Minutes after his arrival, we took turns cuddling him against our bare chests. While the midwife and her assistant cleaned up, my wife, always one to joke, even soon after giving birth, bragged that she had a connection to our new baby that I could never attain because men couldn’t bond with babies like women could.
What an absolutely horrible thing for a mother to say to a father. This is truly atrocious.
Now we have a piece of the puzzle as to why this man is so broken. He is in an emotionally abusive marriage with a psychopathic wife.
Her comment stabbed into me, but I feared she was right. To me, femininity was connected to empathy and kindness while masculinity equated to being frigid. Men didn’t hug. Men didn’t say I love you. Men were angry. Aggressive. Inept as parents.
Fuck this guy sideways, this is absolutely wrong.
Every day I fed Avishai and cuddled him and soothed him. We co-slept, and he snoozed with his head resting on my chest, listening to the rhythm of my heartbeat.

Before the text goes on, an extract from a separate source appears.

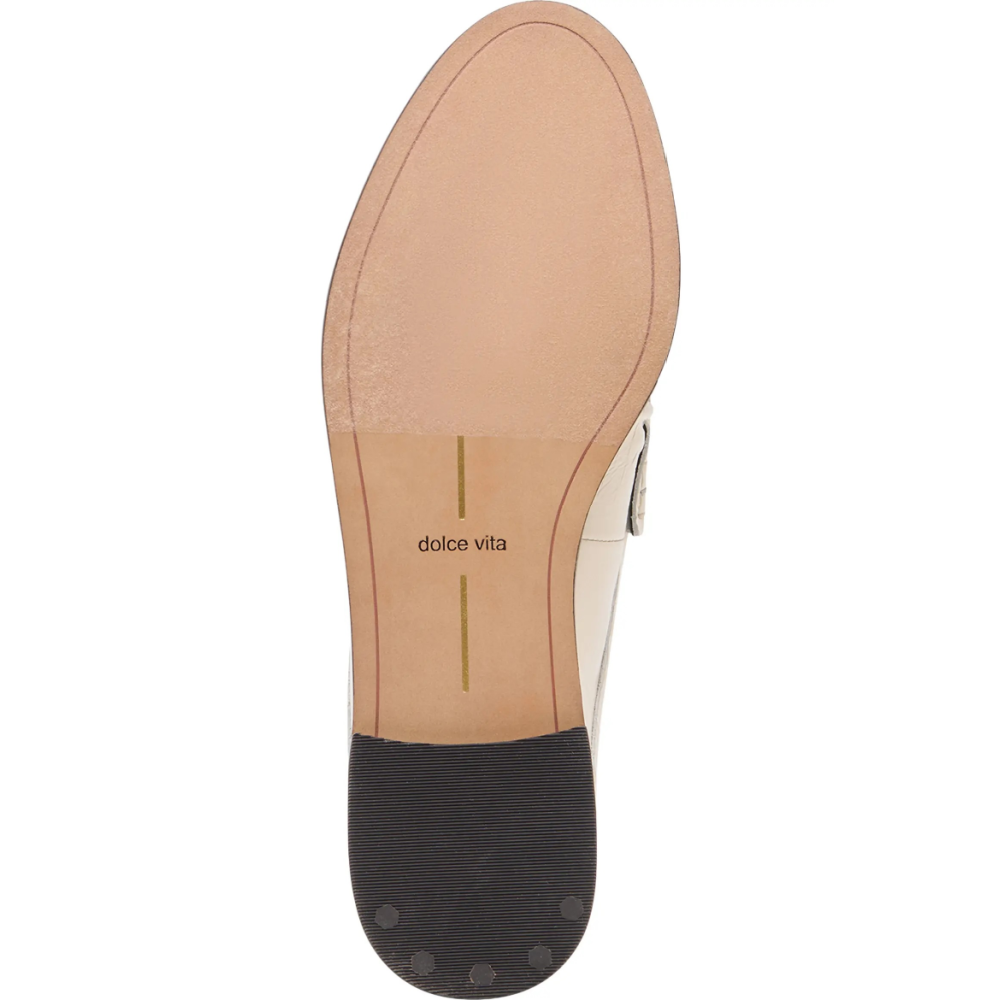 BETZY MULE LEATHER CREME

I did the same thing. When my son was a baby, I had nap magic. I’d swaddle him in a blanket, lie down on the couch, put him on my chest, and we’d nap together. Worked every time.
The difference is that I never felt like my masculinity was diminished doing this or that I was boxed out by my masculinity to snuggle my son.

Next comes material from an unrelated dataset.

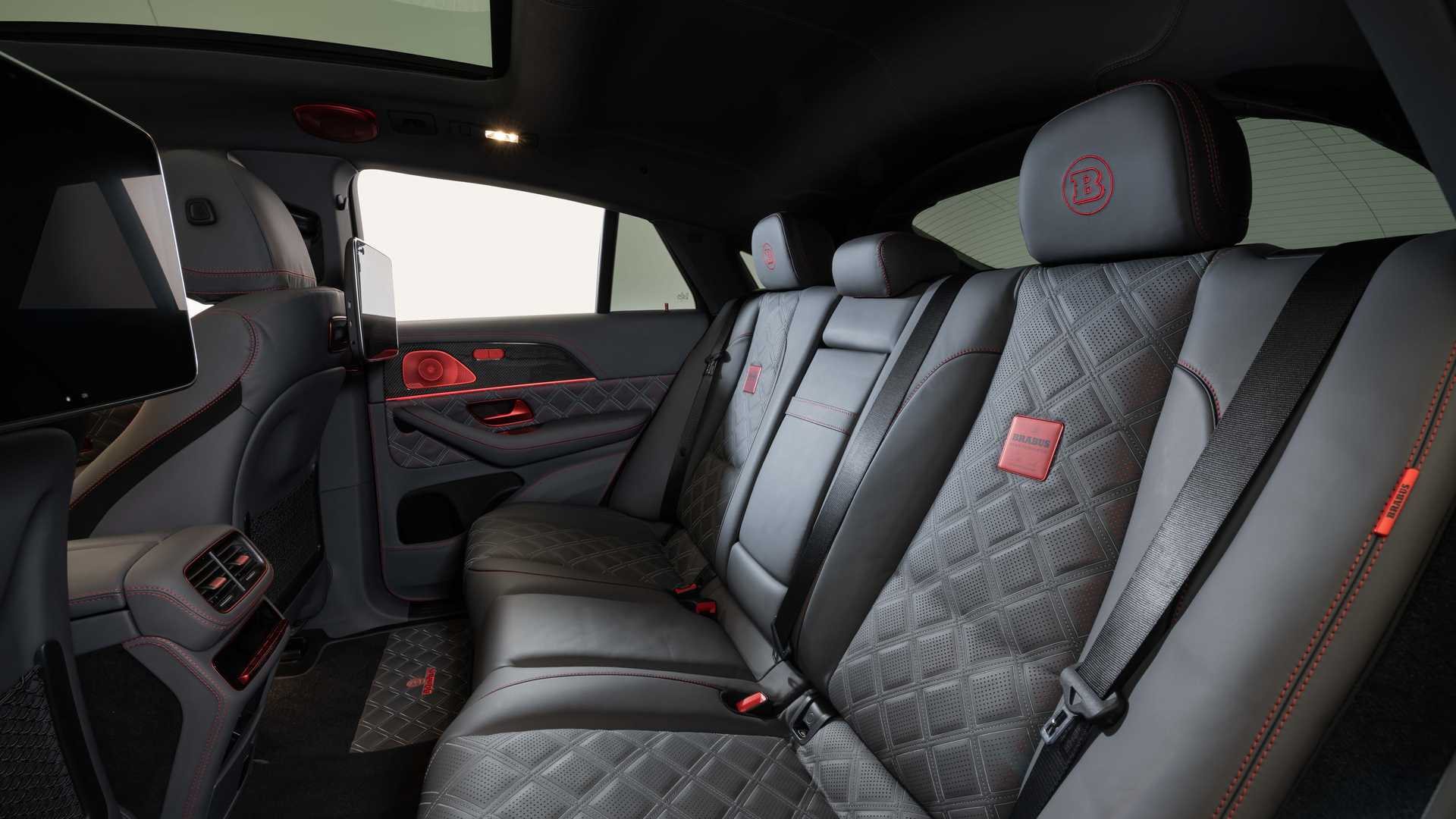 2021 - MERCEDES-AMG GLE 63 BRABUS 900 ROCKET EDITION, foto 53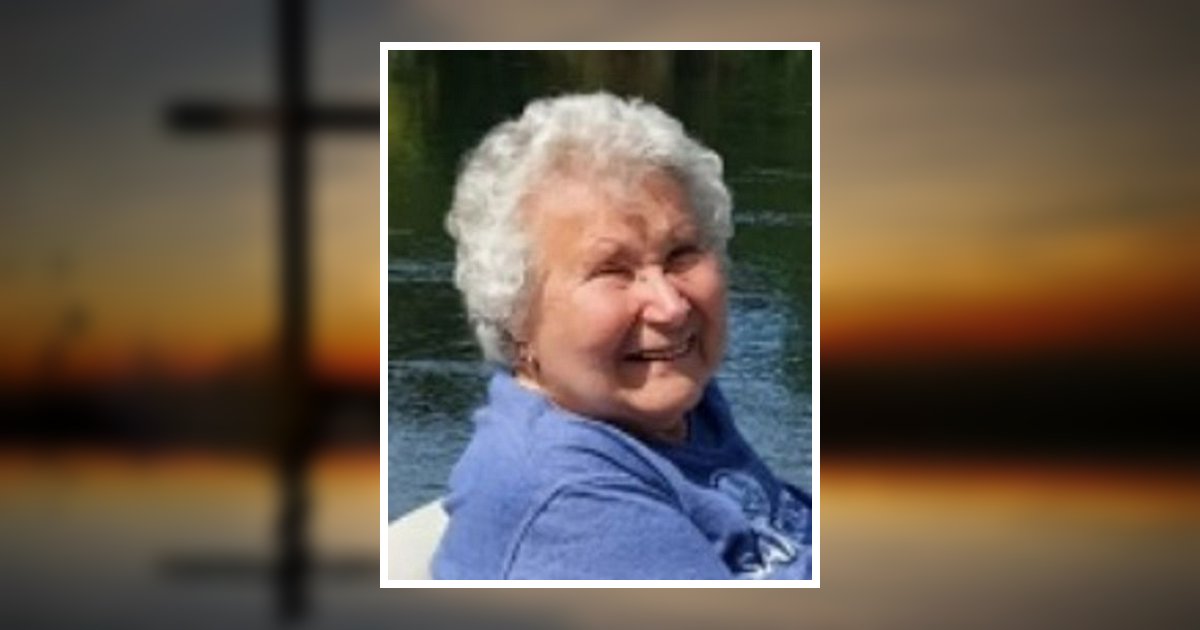 Patricia Ann Ames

I held resentment that so much of society acted as if dads couldn’t care for their kids (therefore putting pressure on women for the brunt of the caregiving) — but I too looked at dads that way. I shuddered at jokes about men being incapable of figuring out how to work a diaper, yet I felt most couldn’t.
I hate this too. I hate the pop culture “dad is an idiot” trend from TV shows and advertising. Again, the difference is that I didn’t let it break me. I didn’t let it make me hate my masculinity or other fathers. It made me hate the people that pushed that bullshit.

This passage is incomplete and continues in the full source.